### [REQUIRED WORK]
Please output only the lines that begin at the line with "如何训练c语言的机考能力（c语言机考注意事项）" and run through the end of the entries below, exactly as written. Drop all pictures.

Short descriptive text snippets
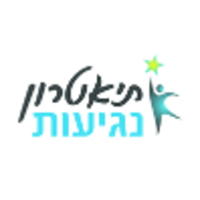 תאטרון נגיעות logo, תאטרון נגיעות contact details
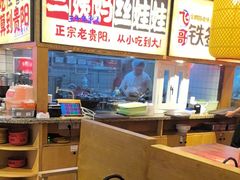 -怪噜范·老贵阳街头名小吃(鸿通城店)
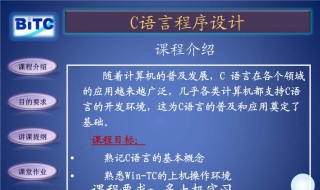 如何训练c语言的机考能力（c语言机考注意事项）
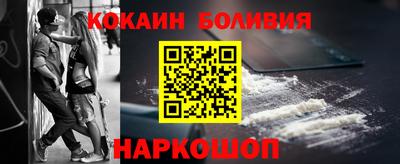 гашик Севастополь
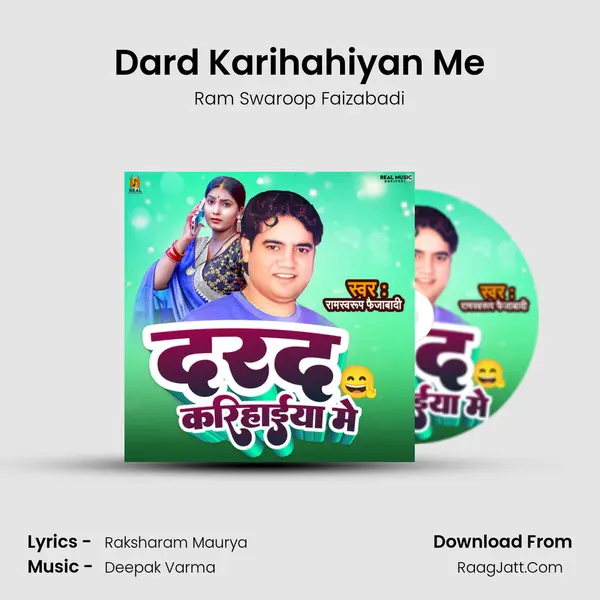 Dard Karihahiyan Me mp3 song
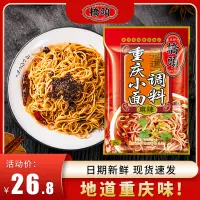 在飛比找淘寶網優惠-橋頭地道重慶小面調料240g*3袋正宗麻辣涼麵擔擔麵拌麵醬家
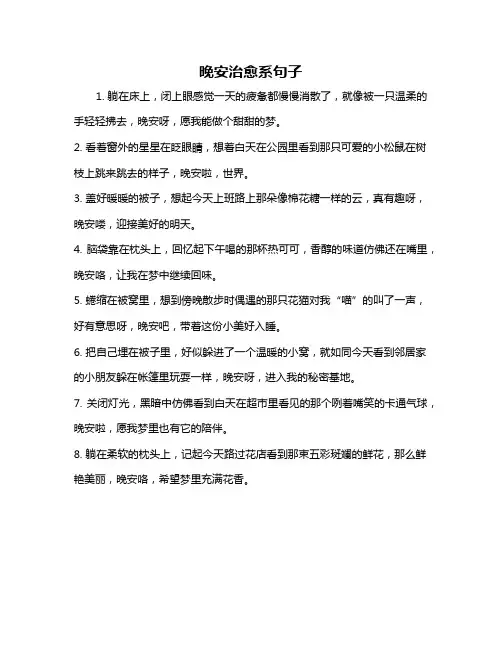 晚安治愈系句子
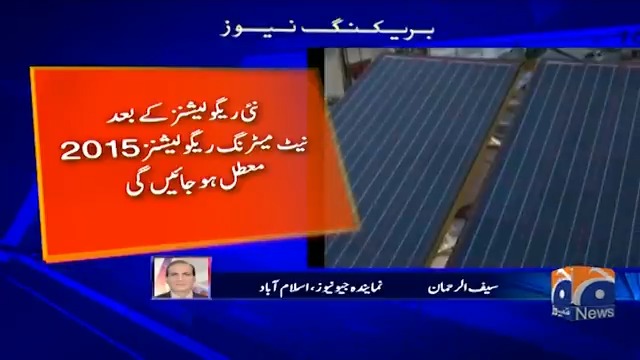 نیپرا نے نیٹ میٹرنگ ریگولیشنز 2026 کا نوٹیفکیشن جاری کر دیا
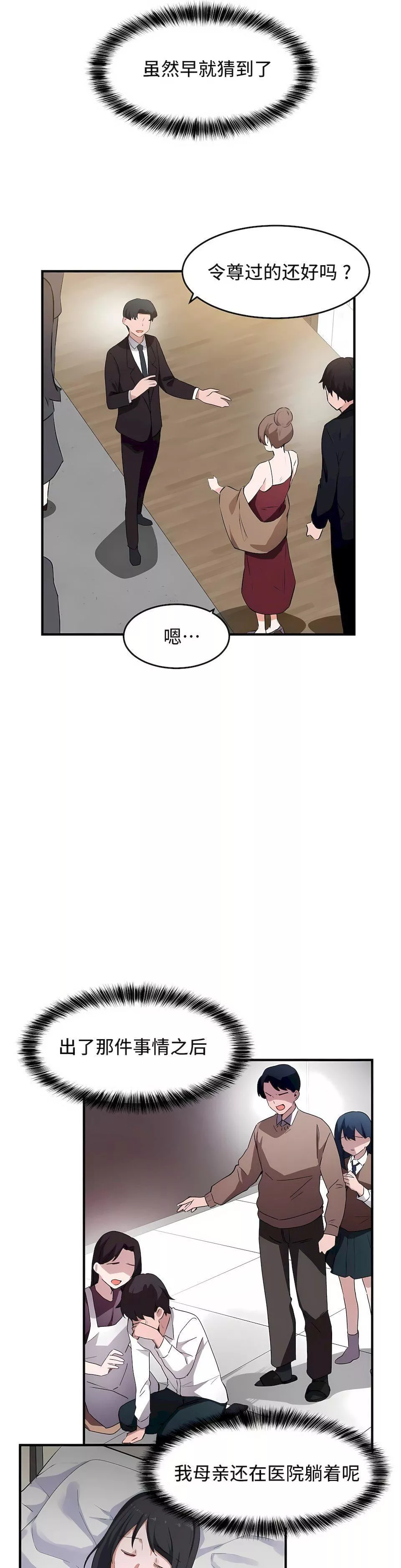 狩猎白富美-第二季55话 - 图片 22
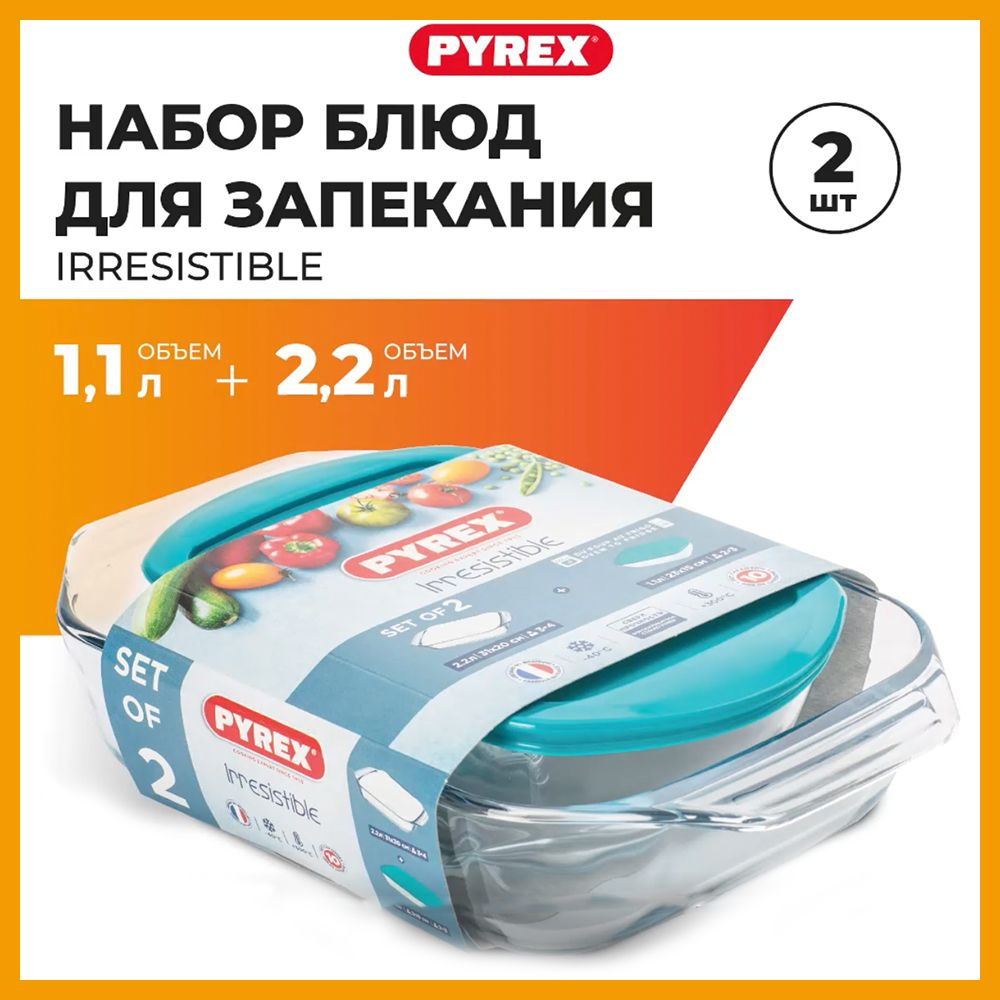 Набор блюд для запекания и выпечки PYREX IRRESISTIBLE 2 предмета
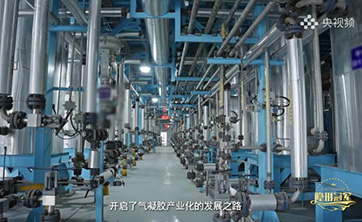 太阳集团tyc4633隐形冠军专题纪录片登陆央视频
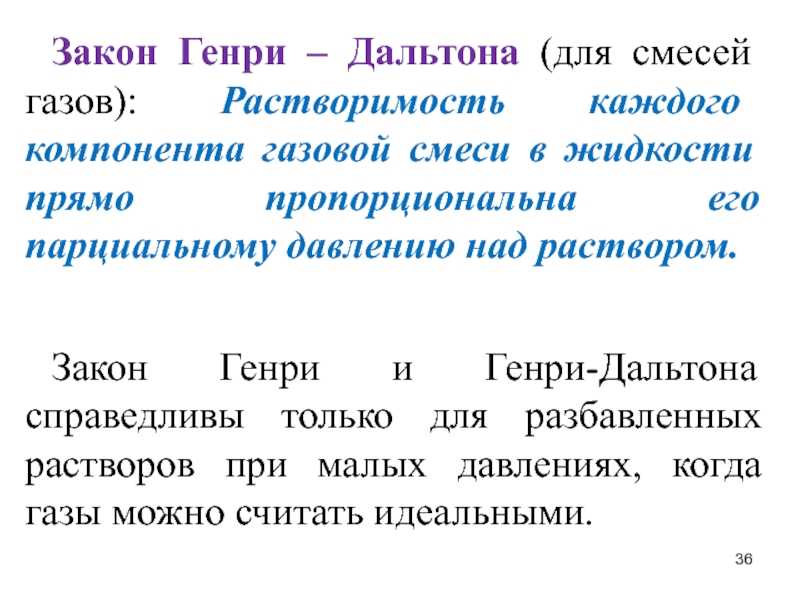 Растворимость газов в жидкостях реферат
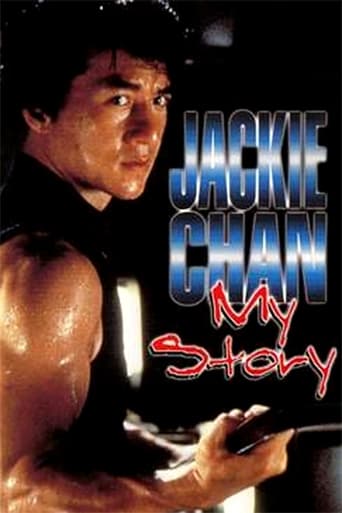 دانلود فیلم Jackie Chan: My Story 1998 دوبله فارسی بدون سانسور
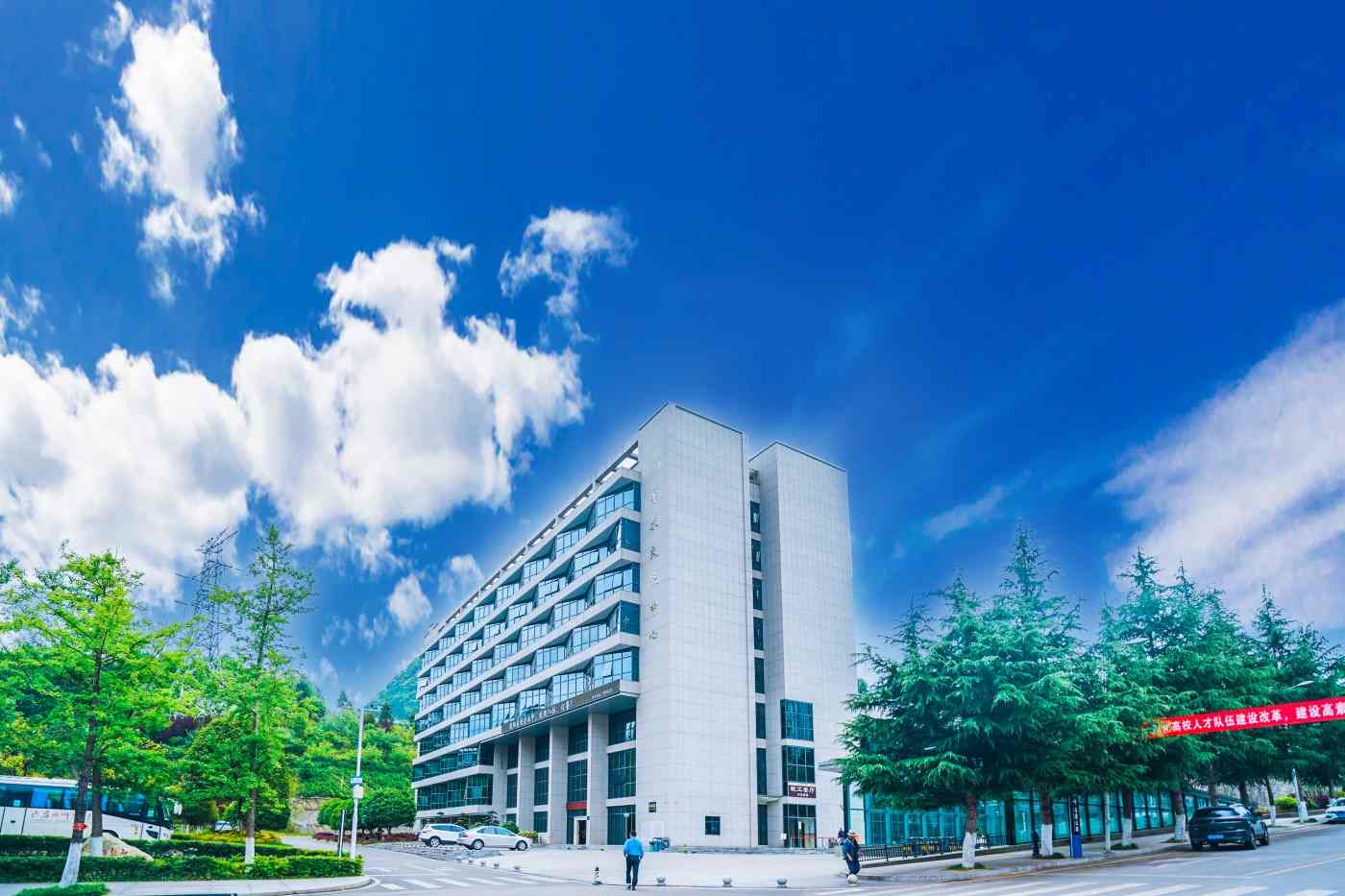 六盘水师范学院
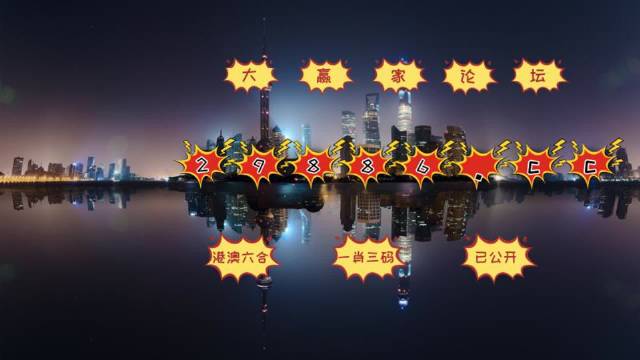 澳門搖錢樹與彩票圖庫(kù)，探索開獎(jiǎng)秘密與最新獎(jiǎng)結(jié)果，澳門搖錢樹與彩票圖庫(kù)，開獎(jiǎng)秘密與最新獎(jiǎng)結(jié)果探索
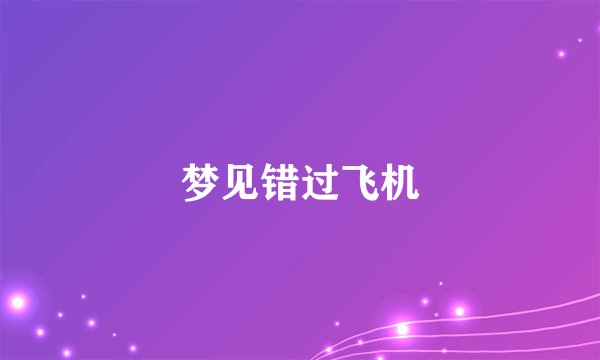 梦见错过飞机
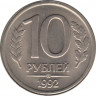Монета. Россия. 10 рублей 1992 год. ЛМД. ав.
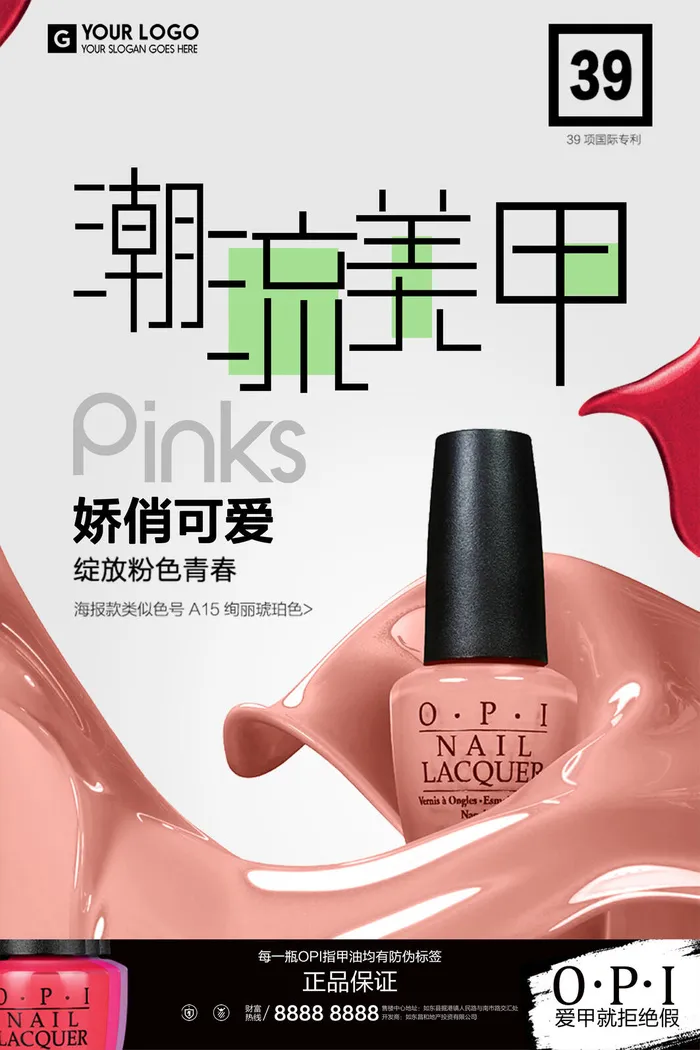 湖流美甲美丽海报psd模版下载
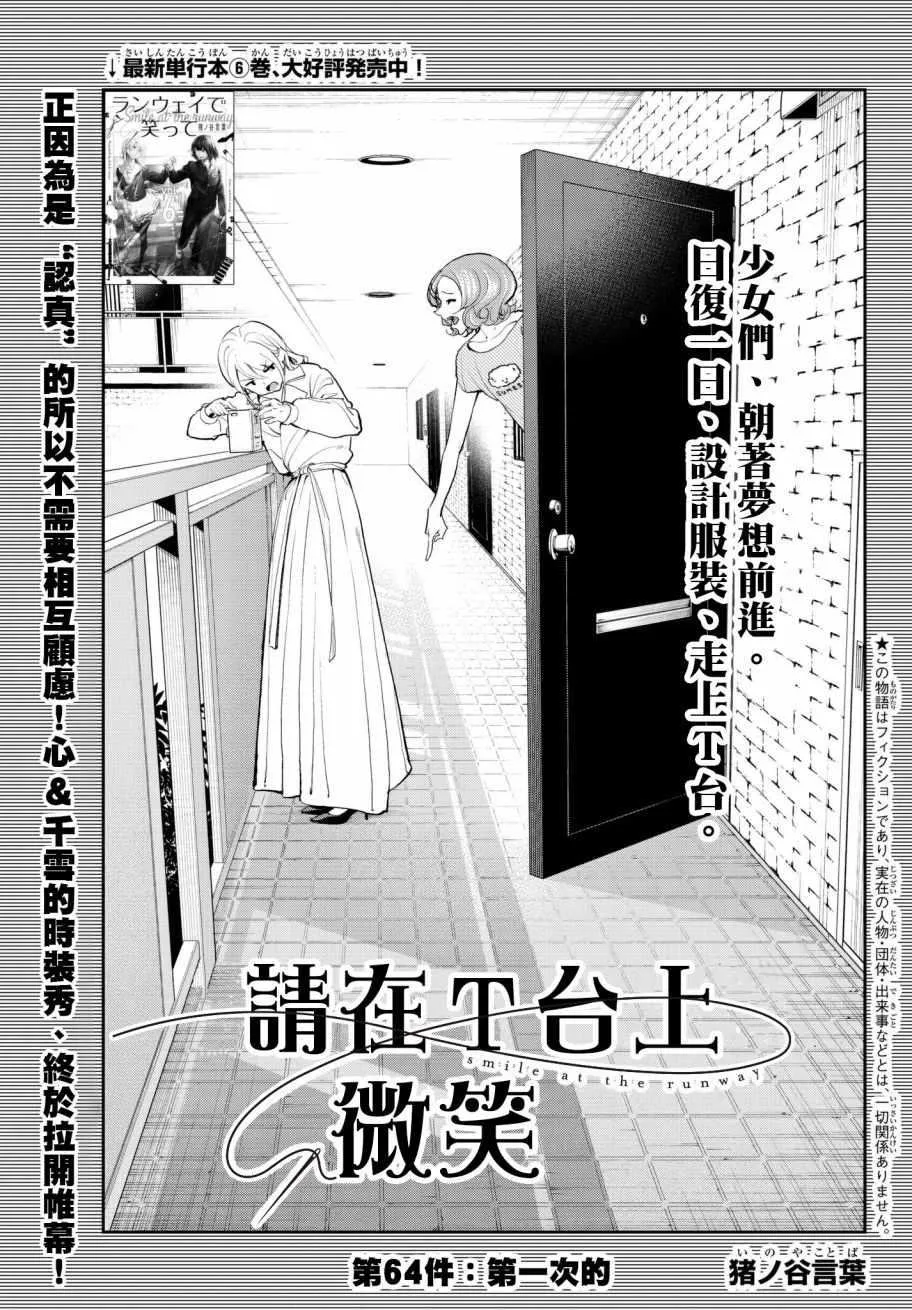 第64话 第一次的 第1页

### [RESPONSE AREA]
 如何训练c语言的机考能力（c语言机考注意事项）
 гашик Севастополь
 Dard Karihahiyan Me mp3 song
 在飛比找淘寶網優惠-橋頭地道重慶小面調料240g*3袋正宗麻辣涼麵擔擔麵拌麵醬家
 晚安治愈系句子
 نیپرا نے نیٹ میٹرنگ ریگولیشنز 2026 کا نوٹیفکیشن جاری کر دیا
 狩猎白富美-第二季55话 - 图片 22
 Набор блюд для запекания и выпечки PYREX IRRESISTIBLE 2 предмета
 太阳集团tyc4633隐形冠军专题纪录片登陆央视频
 Растворимость газов в жидкостях реферат
 دانلود فیلم Jackie Chan: My Story 1998 دوبله فارسی بدون سانسور
 六盘水师范学院
 澳門搖錢樹與彩票圖庫(kù)，探索開獎(jiǎng)秘密與最新獎(jiǎng)結(jié)果，澳門搖錢樹與彩票圖庫(kù)，開獎(jiǎng)秘密與最新獎(jiǎng)結(jié)果探索
 梦见错过飞机
Монета. Россия. 10 рублей 1992 год. ЛМД. ав.
 湖流美甲美丽海报psd模版下载
 第64话 第一次的 第1页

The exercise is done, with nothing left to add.